Chassé
Beginner Level
The foundation — what every new dancer needs to know
A quick side-together-side triple step that lets you cover ground while staying locked into the rhythm.
Beginner focus
Start by doing your normal basic step to the right. Now, instead of stepping right-tap, try right-together-right-tap. That quick 'together' in the middle is the chassé. Keep it small — your feet should barely leave the floor. The most common beginner mistake is making it too big and bouncy. Think 'slide' not 'jump.'
Tips
- •Practice against a wall: slide sideways with your back lightly touching the wall. If your head bobs up and down, you're bouncing.
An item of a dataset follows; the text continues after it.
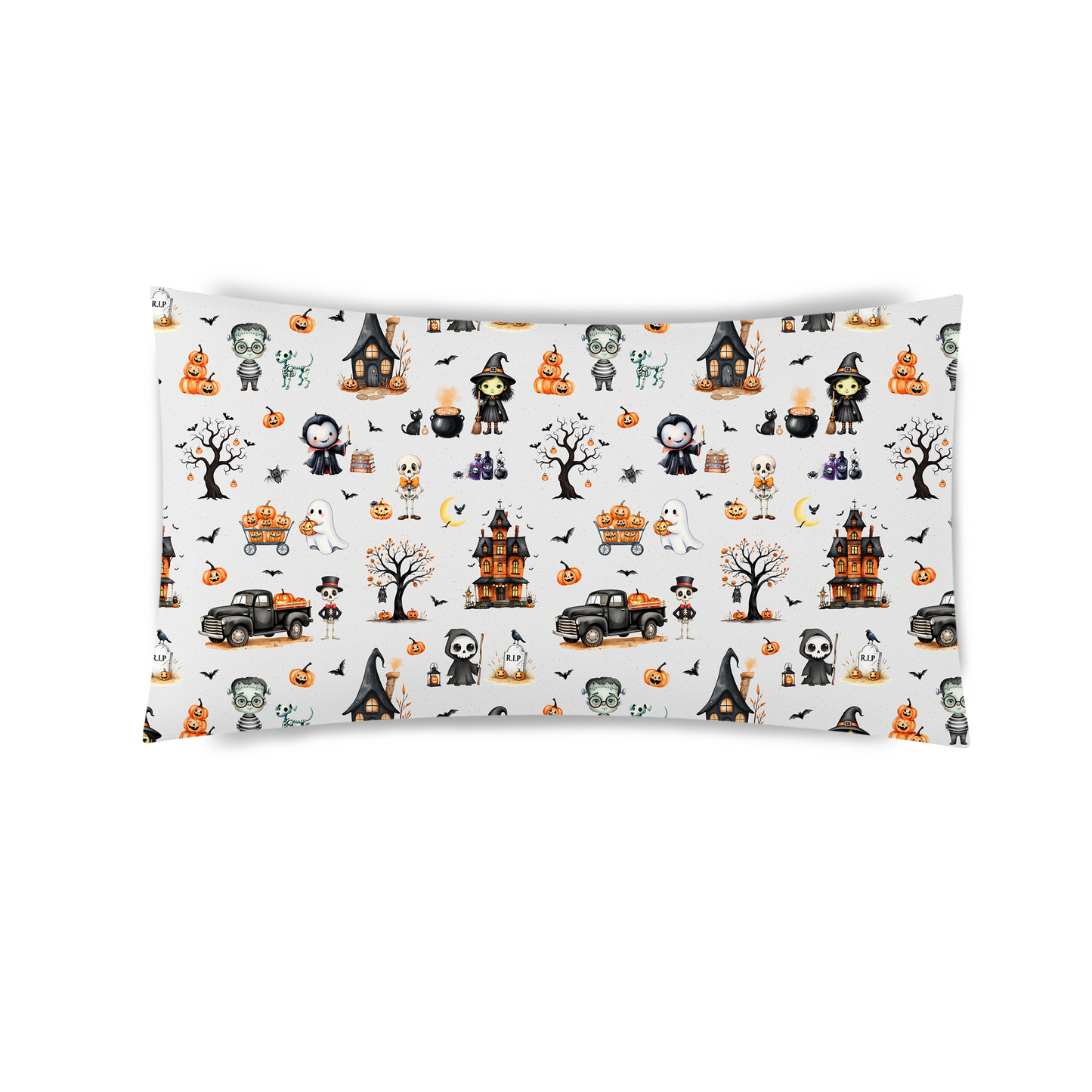 Pillowcase - Spooky Hollow  *PRE-ORDER*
- •Count it as 'and-a-one' instead of thinking three separate steps. The rhythm is what matters, not the geometry.
- •Film yourself from the front. Your shoulders should stay level the entire time.
Common mistakes
- •Bouncing up and down — the chassé is lateral, not vertical. Keep your head at the same height throughout.
- •Making the steps too wide, which throws off your center of gravity and makes it impossible to chain smoothly.
- •Losing the timing by rushing the 'together' step — all three steps need to fit precisely within two beats.
- •Forgetting to lead the chassé — your partner needs a clear signal through the frame, not just legs doing their own thing.
Practice drill
Put on a medium-tempo bachata track. Do four basics to the right, then replace the last basic with a chassé. Repeat to the left. Once comfortable, alternate: basic-chassé-basic-chassé. Then try double chassés. The goal is smooth transitions — your upper body shouldn't reveal when you switch patterns.